Rosemary should try to teach her reticent ward the responsibility one must honor if one makes a promise — especially the promise of marriage. But Mercedes is desperately in love with an out-of-work musician, and Rosemary, hurt and angered by Pablo's reprehensible behaviour, thinks of a revenge plan to deceive him. On the day of the wedding she changes places with Mercedes; and her face hidden by the heavy veil, the ceremony went through.
When the plot is discovered, the proud Spaniard finds he has been tricked into marrying the wrong woman, and happy she thinks she'll never have to fulfill the promises of a wife-to-be. But the cheated groom has other ideas: he does not send her reticent wife in fury like she had imagined, he believes that her should fulfil her duties to save his Spanish honor. What will happen next?
Denise Naomi Klein was born on 1 February 1897 in London, England, daughter of Herman Klein (1856-1934) and Kathleen Clarice Louise Cornwell (1872-1954). Her parents married on 19 February 1890 at the West London Synagogue, her father was a English music critic, author and teacher of singing and her mother was a Australian-born heiress, 16 years younger than him. Denise had a half-sister, Sibyl Klein, who became an actress. She also had two older brothers, Adrian Bernard L. Klein (1892-1969), who later changed his name to Adrian Cornwell-Clyne and wrote books on photography and cinematography, and Daryl Kleyn (b. 1894). During her parents marriage, her mother began an affair with a young Worcestershire Regiment officer, Herbert Arthur Berkeley Dealtry (b. 1878). When her father became aware of it, he filed a petition for divorce, which was granted in December 1901. After the divorce, her mother married Dealtry in 1902, but they were going through financial difficulties. They had to declare bankruptcy in 1905. The same year her father remarried with Helene Fox, a Christian Science practitioner of Boston, Massachusetts.

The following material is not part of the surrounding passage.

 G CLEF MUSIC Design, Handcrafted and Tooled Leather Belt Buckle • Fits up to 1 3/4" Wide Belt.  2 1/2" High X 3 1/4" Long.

As Kit Dealtry, her mother began to publish her own writings, first short stories in magazines an later gothic novels. Years later, and single again her mother returned to London. In 1918, and remarried for a third time with Sydney H. Groom, and started to sign her novels as C. Groom, Mrs Sydney Groom, Kathleen Clarice Groom and Clarice Groom. After Naomi left school, she decided follow in her mother's footsteps, and to publish her writings. She went to work as a journalist for the D.C. Thomson Press, then became a freelance writer. Denise married Arthur Robins, a corn broker on the Baltic Exchange, but the marriage ended in divorce, after she met O'Neill Pearson in Egypt, who later became her second husband. She was the mother of three daughters, Patricia Robins (also know as Claire Lorrimer) who became another best-selling romance author, Anne, and Eve.
As a writer of fiction, Denise wrote short stories, plays and about 200 gothic romance novels under a variety of pseudonyms, including: Denise Chesterton, Hervey Hamilton, Francesca Wright, Ashley French, Harriet Gray, and Julia Kane, she also used to sign the books her first married name, Denise Robins, and some of her books were reedited under this pen-name. In 1927, over ten years after she began to publish, Denise meet Charles Boon, of Mills & Boon, and she signed her first contract with his firm the same year. In a short time, she became the best paid Mills & Boon's writer, and one of the most prolific, but in 1935 she changed to a new publisher, Nicholson & Watson, that made her a better offer, and later with Hodder & Stoughton.
In 1960, she founded with other romance writers the "Romantic Novelists' Association" (R.N.A.), and she was its first president until 1966. Denise passed away 1 May 1985 in her native England.